My own observations will not find agreement with those involved in the tourist trade. Many of the beaches that I saw are strewn with rubbish, much of which has been lying around for a long time. In the south the sands around Kuta are promoted as being exceptionally beautiful. They are backed up by tall cliffs but even here the beaches are far from pristine.
On a walk into the jungle I followed a dry riverbed, a dumping place for domestic waste, for as far as I walked along it there were heaps of putrid sacks being picked over by quarrelsome cockerels and large grey rats.
Men sit around much of the time and when not sleeping, which is most of the day, hassle visitors. It continues non stop from first light until the late hours. Take this tour or that tour. Do you want rent a motorcycle? You go visit a factory outlet? Where you go trekking? Then there is a continual procession of itinerant vendors hawking woodcarvings, fruit, fabrics, brake shoes, plastic canoes and so it goes and it is the same on the beach. One old veiled woman asked me several times if I wanted a pineapple or a mango. When I said OK she asked me for the equivalent of 5 pounds. I only had about 1 pound on me. I said I would leave it. She insisted I take the fruit and return later with the balance. Of course I didn’t return – she was a cheat – the same could have been bought in a store for less than half the price I paid.
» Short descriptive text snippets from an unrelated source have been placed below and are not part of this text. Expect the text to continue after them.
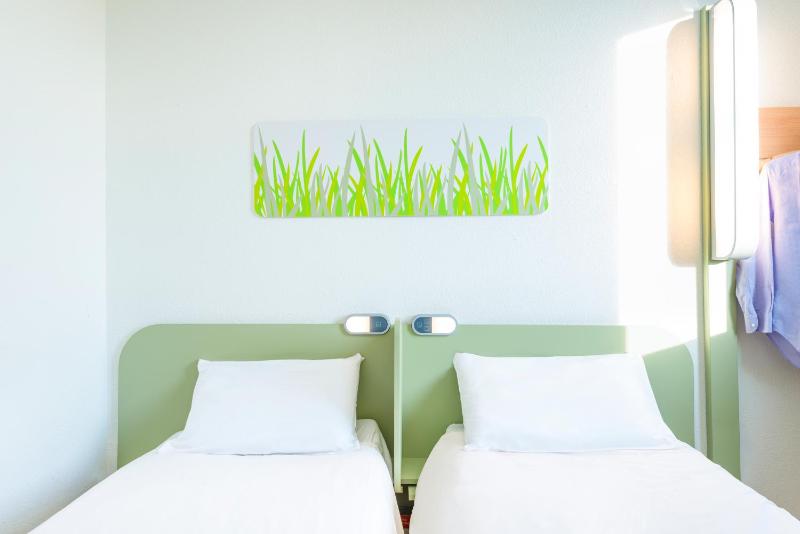 ibis budget Hyères Centre-Ville - image 18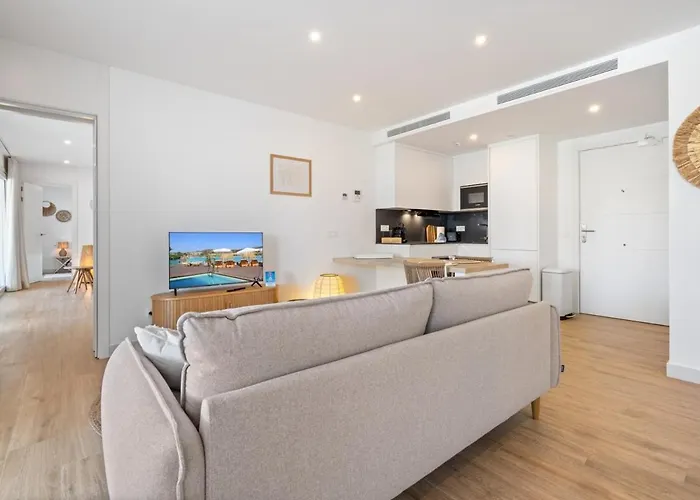 Luxurius Ground Floor - Alcazaba Lagoon Estepona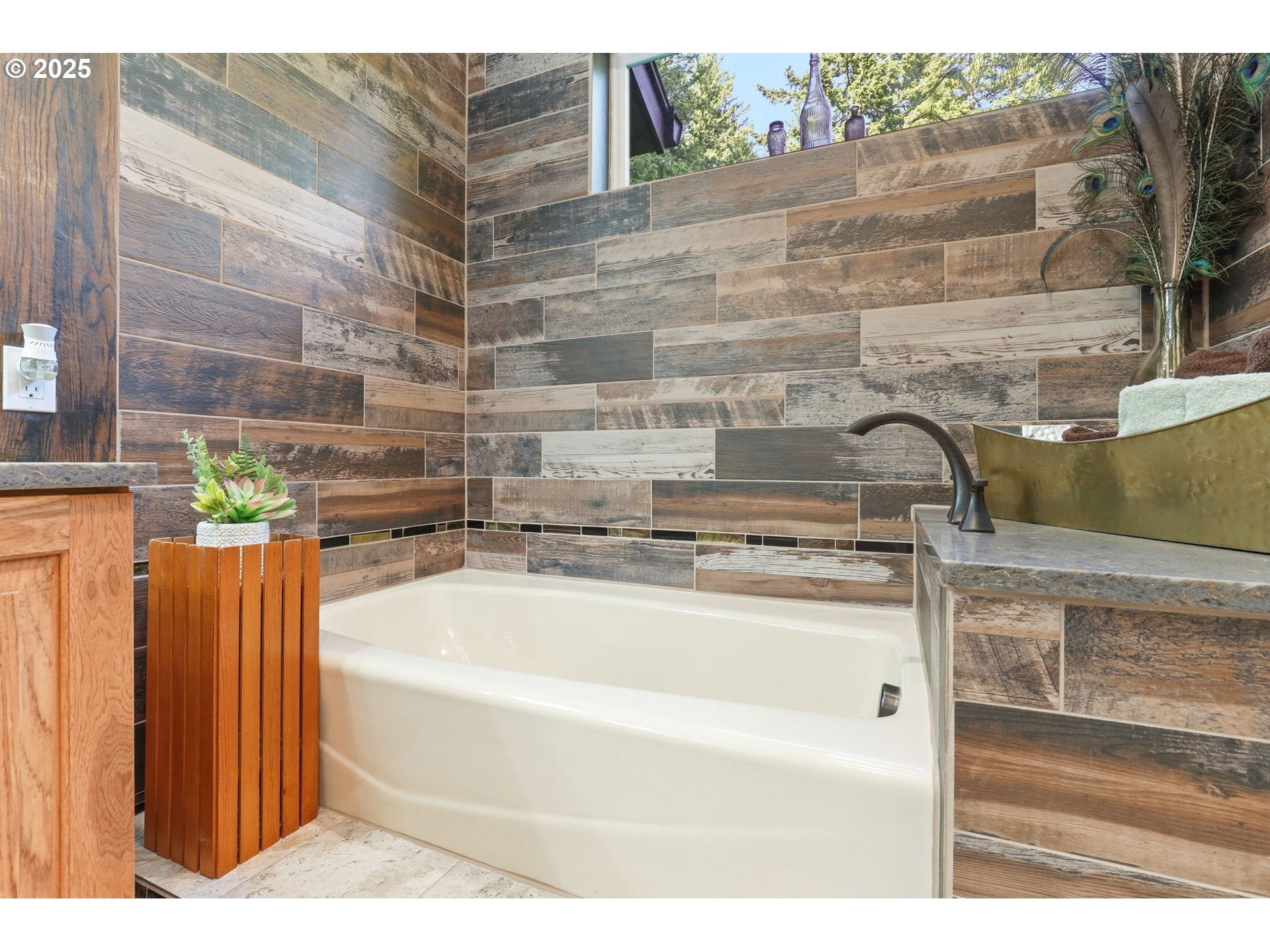 Estacada, Oregon, 97023, United States, 3 Bedrooms Bedrooms, ,3 BathroomsBathrooms,Residential,Active,1893218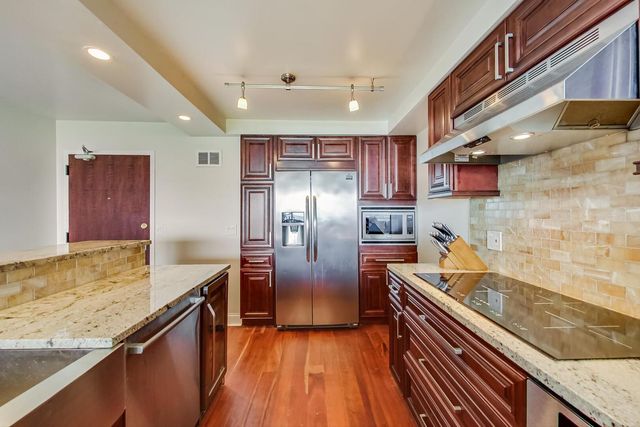1850 N CLARK Street 1205, Chicago, IL 60614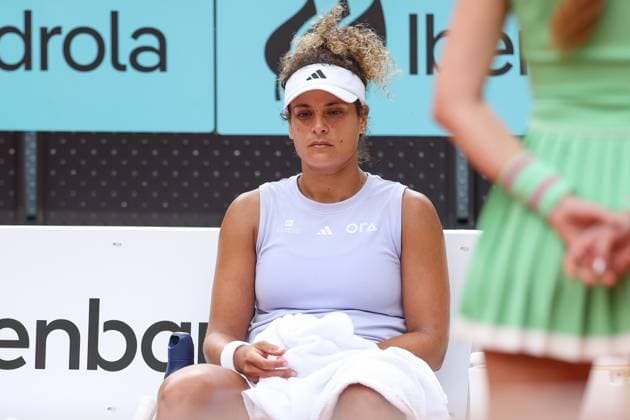 April 22, 2025, Madrid, Madrid, SPAIN: Mayar Sherif of Egypt looks on against Jessica Bouzas Maneiro of Spain during the Mutua Madrid Open 2025, ATP, Tennis Herren Masters 1000 and WTA, Tennis Damen 1000, tennis tournament celebrated at Caja Magica on April 22, 2025 in Madrid, Spain. Madrid SPAIN - ZUMAa181 20250422_zaa_a181_095 Copyright: xIrinaxR.xHipolitox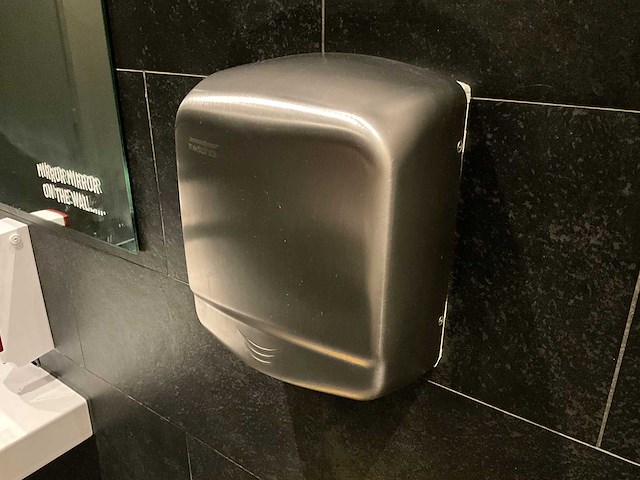 Mediclinics - elektrische handendroger (2x) - afbeelding 1 van  5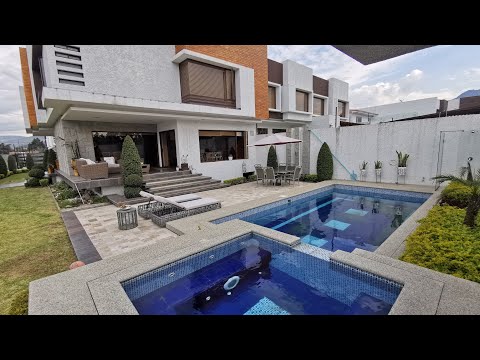 Linda Casa con Piscina #Challuabamba A la venta. ⛳Terreno 630m².$490.000USD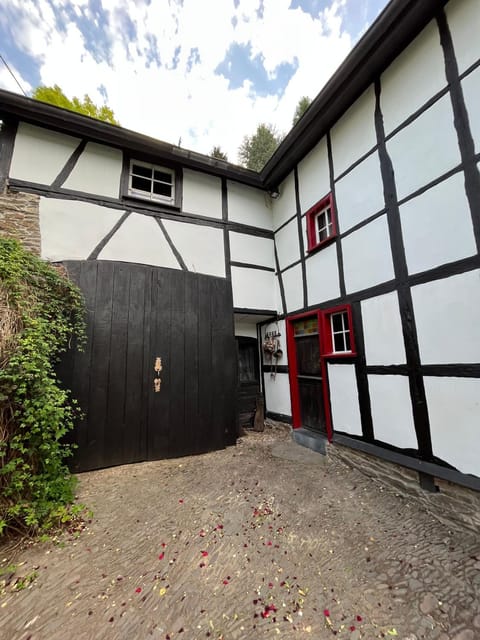 Noah - Seeleben auf Zeit am Rursee House in Heimbach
Later I rode a motor scooter up into the hills hoping to get a view of Mount Ranjini. I was to be disappointed – clouds hung over much of the interior. Everywhere I visited I saw the same scenes – filthy rivers, plastic bags caught on trees and bushes and more piles of rubbish heaped up between the sad dwellings
I was unable to reconcile my discerning eye of prejudice to such sights and neglect. Maybe it was here on this island that the concept of indolence was first awakened.
Indonesian shipping has a deserved reputation. It is dangerous. Thousands of boats navigate between the thousands of islands daily carrying thousands of passengers. Many of them have seen long service in the waters of other nations before being retired as being unseaworthy. Enter the Indonesian entrepreneur and the ancient vessel will start life anew.
Crews have very little training. Maintenance means the minimum to keep the ship at sea. Lifejackets are locked away so they are not stolen (passengers on flights are warned not to steal the ones under their seats).
So when we had embarked for the five hour crossing to Bali it wasn’t reassuring to see the cracked and rusted deck. It was such a small boat to be crossing such treacherous seas. I loosened my boot laces just in case.
The only really efficient thing onboard was the ship’s horn. This had been thoughtfully positioned about 1 metre above the deck and beside an area where a lot of voyagers hunker down for the crossing. One of them not knowing what it was used it to prop his head up. Three great blasts bellowed forth. The guy leapt upwards in shock and stumbled around the deck with his hands clasped tightly around his ears. People laughed.
At 3:25pm we crossed the imaginary line of longitude named for Alfred Russel Wallace the Victorian naturalist who determined that there are significant differences between the flora and fauna either side of the line. This line runs between Bali to the west and Lombok to the east. On the eastern side of the line the flora and fauna are more closely related to Australia than on the western side which is Asiatic.
Five hundred years ago Sebastian Elcano chartered these waters. He had taken command of the ship following the untimely death of Ferdinand Magellan thus he became this first person to circumnavigate the globe. Yet his name is unknown outside of his Spanish homeland. For me his name should be up there alongside those of Neil Armstrong, Scott of the Antarctic and Wayne Rooney.